Alcohol availability

That free supply of wine which came in handy — of course with moderation.

Preparedness

I already had all the ideas in my mind — they just needed to be given a structure and written down.

Good music

Some people prefer subtle, ambient playlists, others keep their motivation up with more energetic rhythms and positive tunes. I alternate mine depending on my mood.

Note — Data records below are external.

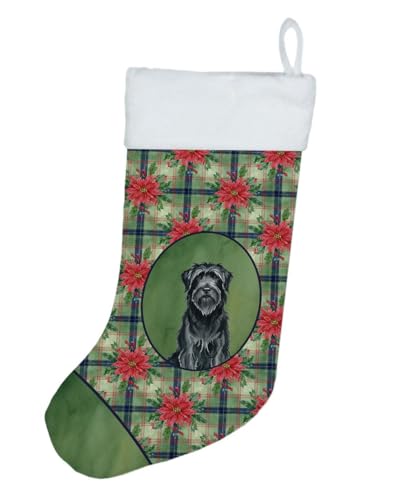 Caroline's Treasures Black Briard Christmas Poinsettas Holiday Stocking Double-Sided Print, Polyester Suede,11x18, Made in USA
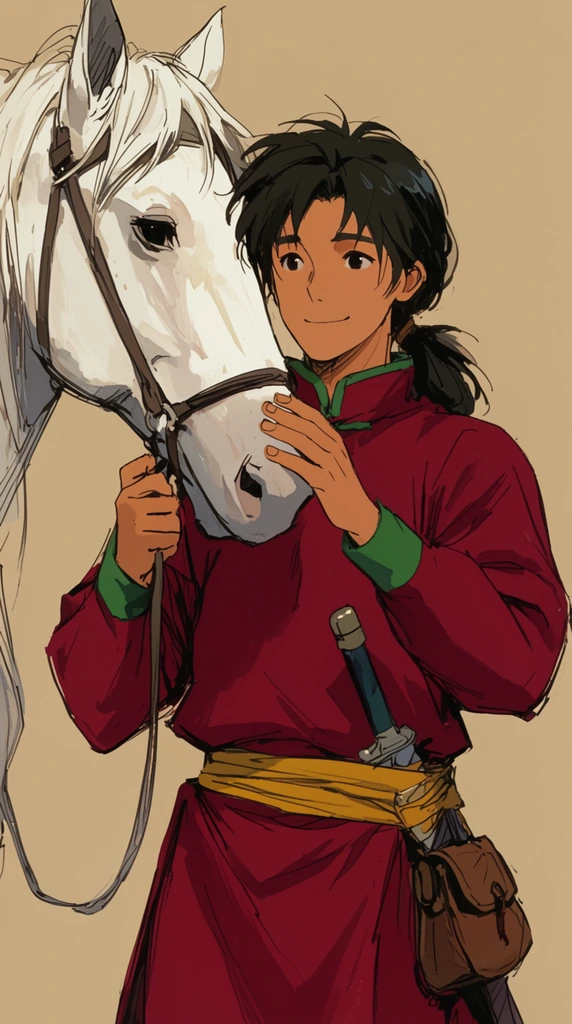 young male anime character touching a white horse's muzzle, dark hair in a loose ponytail, warm skin, gentle smile, wearing a deep red tunic with green trim, yellow sash belt holding a sword hilt and small leather pouch, 2D cell-shaded illustration, sketch-like ink lines, flat beige background, waist-up portrait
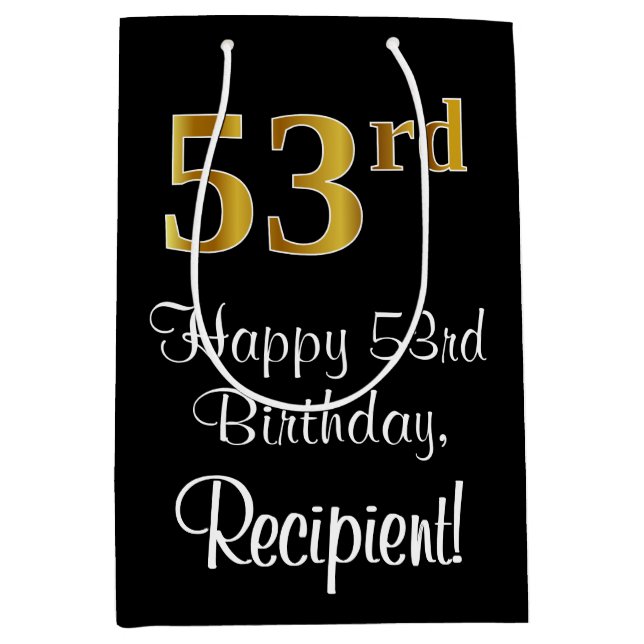 Sacola Para Presentes Média Luxuoso, Elegante, Faux Dourado, 53º Aniversário (Frente)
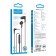 Hoco M102 headphones, wired, vacuum, microphone, 1.2 m, black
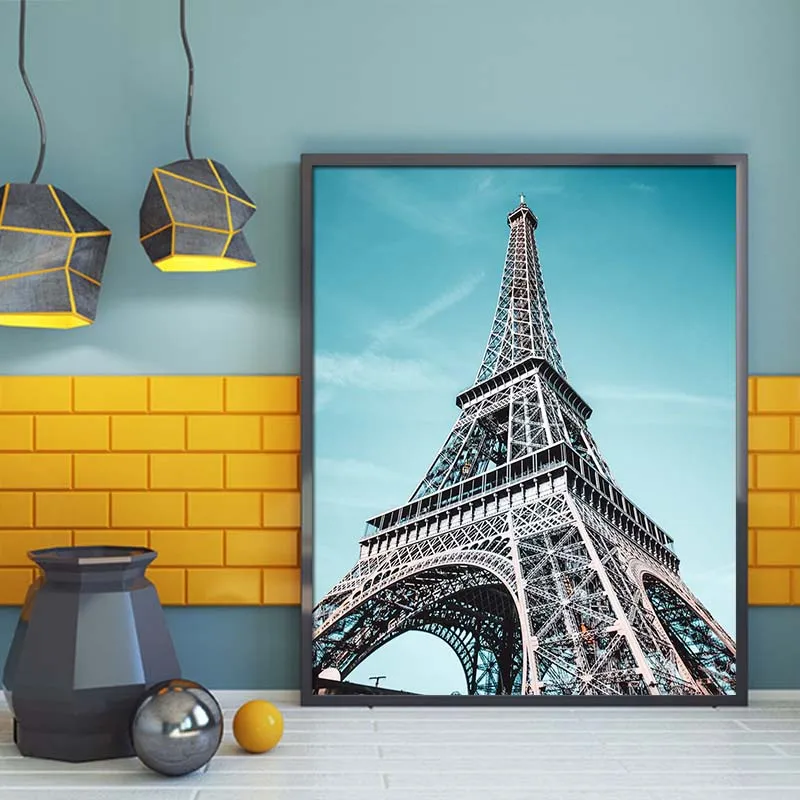 

paint by number art painting by numbers Hand painted Eiffel tower landscape home background wall corridor decorative painting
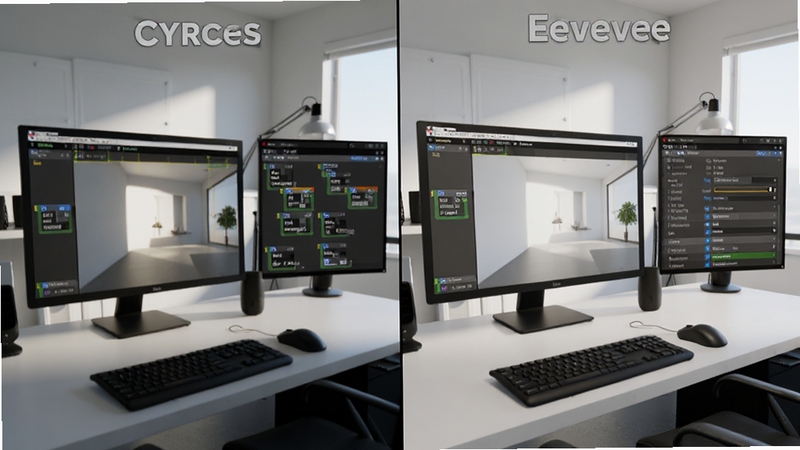 Blender��Ⱦ����Ч���Ա�ͼ�������Cycles��дʵ��Ӱչʾ���Ҳ���Eevee��ʵʱ��Ⱦ���棬չʾͬһ���������������µĲ�ͬ�Ӿ����֣�����Ϊ�ִ���ƹ����ң���Ļ����ʾ�ڵ�༭������Ⱦ������壬ɫ����������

So, try to be a disconnect (sometimes)

The main takeaway message here for me was that if I want to be able to create a good strategy or draw up a new creative campaign, I have to disconnect and cannot let anybody interrupt me. The same goes for not letting my concentration be jeopardized by my own everyday thoughts of whether we are going to be able to supply our clients with the resources in time, whether Honza has filled out the KPIs table and whether I have sent off that invoice. An aeroplane trip is the more relaxed version of locking oneself away in a remote cellar — saves you the worries of not being able to eventually escape from it. The lack of phone reception and internet offers a great opportunity to disconnect completely, tune everything unnecessary out and truly immerse yourself in the creative process. So, if the closing date is near or you have an important presentation to prepare for that you haven’t even started on yet, then I recommend booking the next flight to somewhere in Asia or the Americas. And for low-cost budgets, there is always the remote underground cellar option.

Do you have another tips?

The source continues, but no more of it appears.